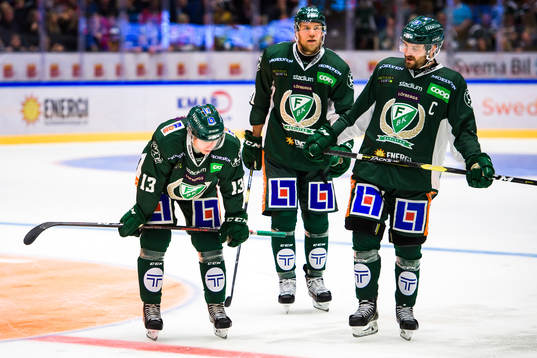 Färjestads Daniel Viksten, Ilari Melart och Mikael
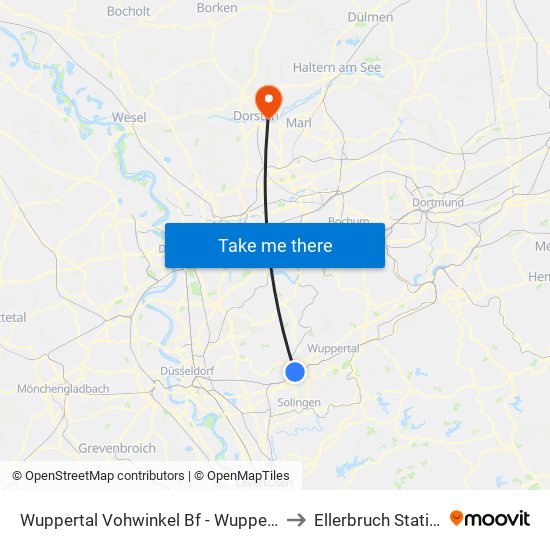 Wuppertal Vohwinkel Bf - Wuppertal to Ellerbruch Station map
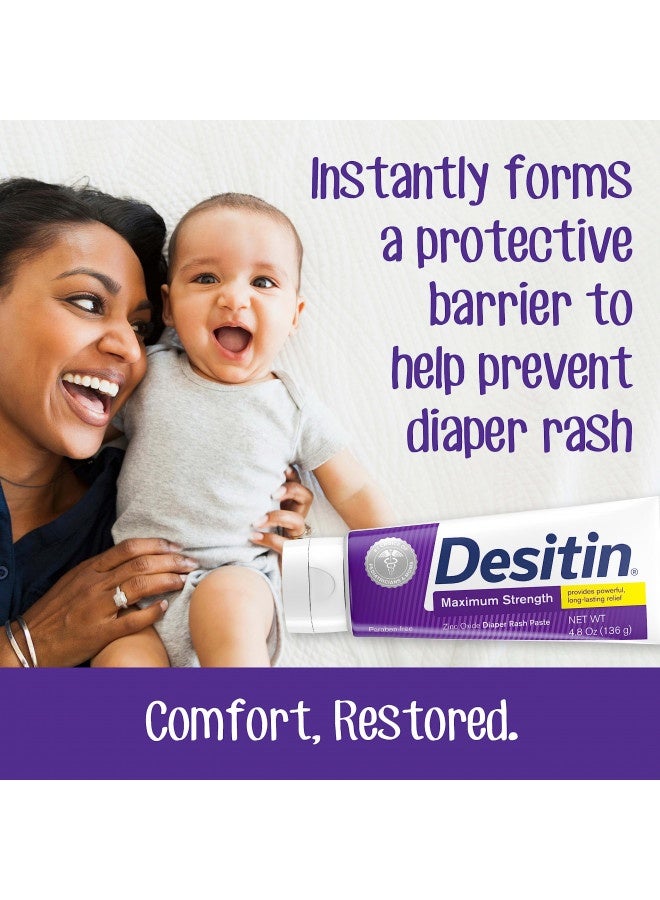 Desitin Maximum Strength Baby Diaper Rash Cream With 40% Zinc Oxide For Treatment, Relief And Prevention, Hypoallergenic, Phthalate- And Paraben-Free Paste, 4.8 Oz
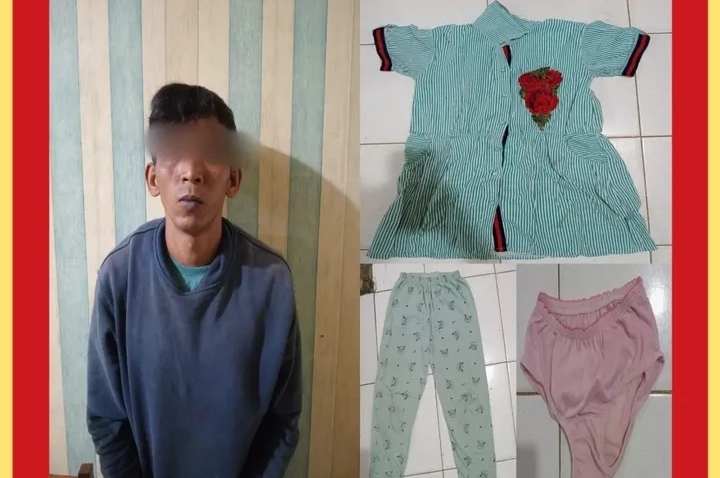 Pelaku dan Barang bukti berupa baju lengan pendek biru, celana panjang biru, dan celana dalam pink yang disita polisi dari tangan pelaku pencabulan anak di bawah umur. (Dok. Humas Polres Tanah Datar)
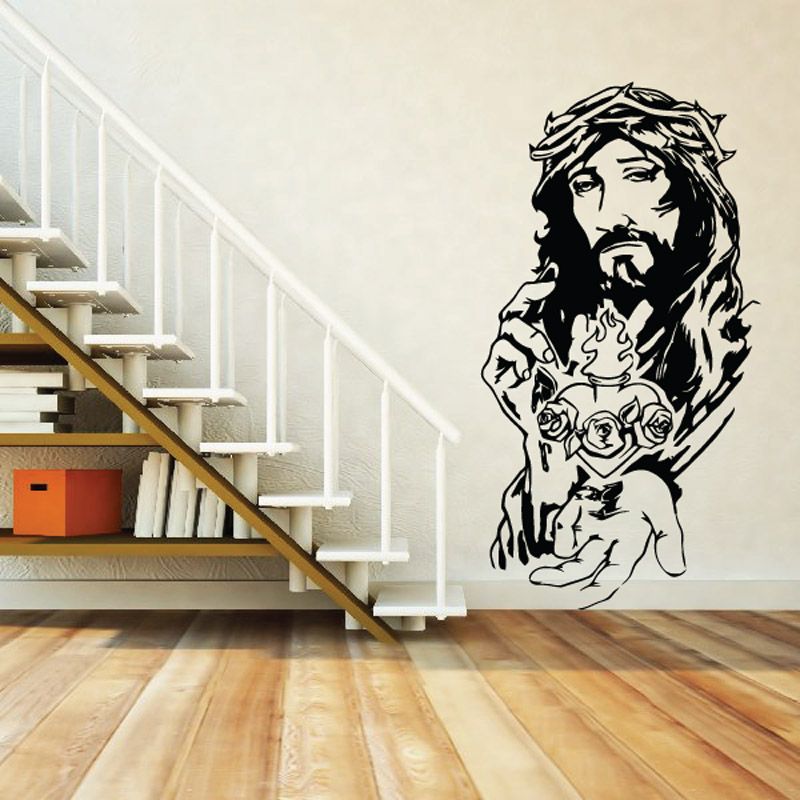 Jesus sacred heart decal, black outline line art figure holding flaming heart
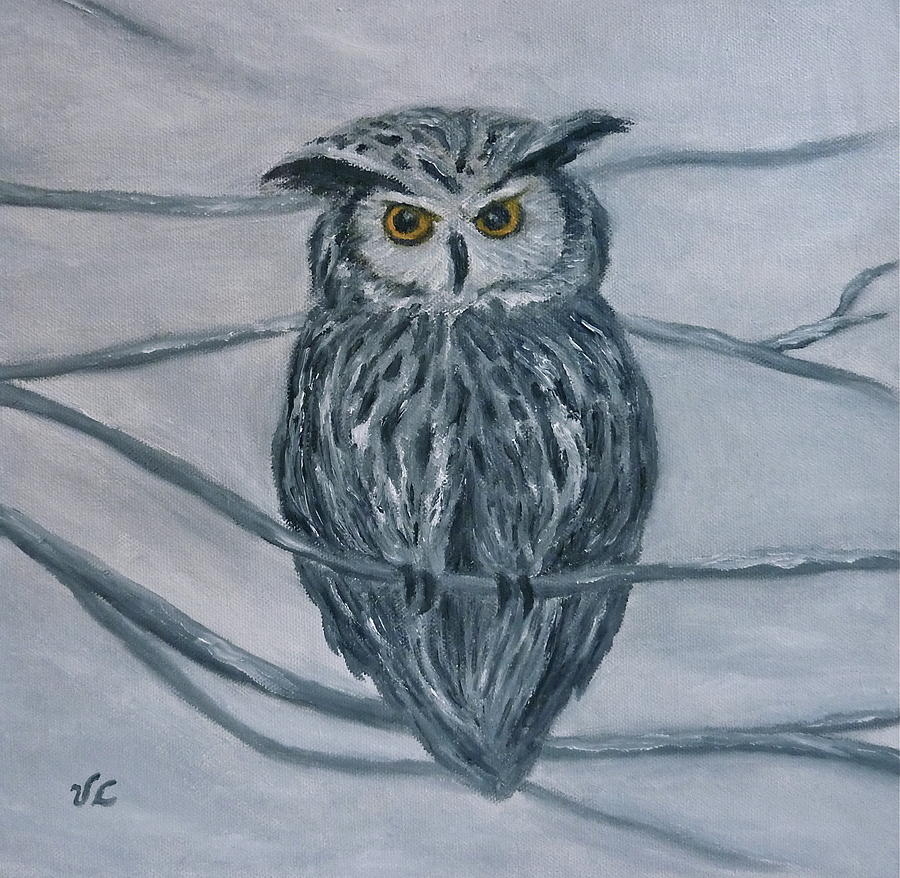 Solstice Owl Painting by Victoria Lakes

# # #

■ **PROBLEM STATEMENT**
At the line containing "Jesus sacred heart", start reproducing exactly, and stop after the last line of the listing; include both ends, and leave the pictures out.

■ **OUTPUT FOR THIS EXERCISE**
 Jesus sacred heart decal, black outline line art figure holding flaming heart
 Solstice Owl Painting by Victoria Lakes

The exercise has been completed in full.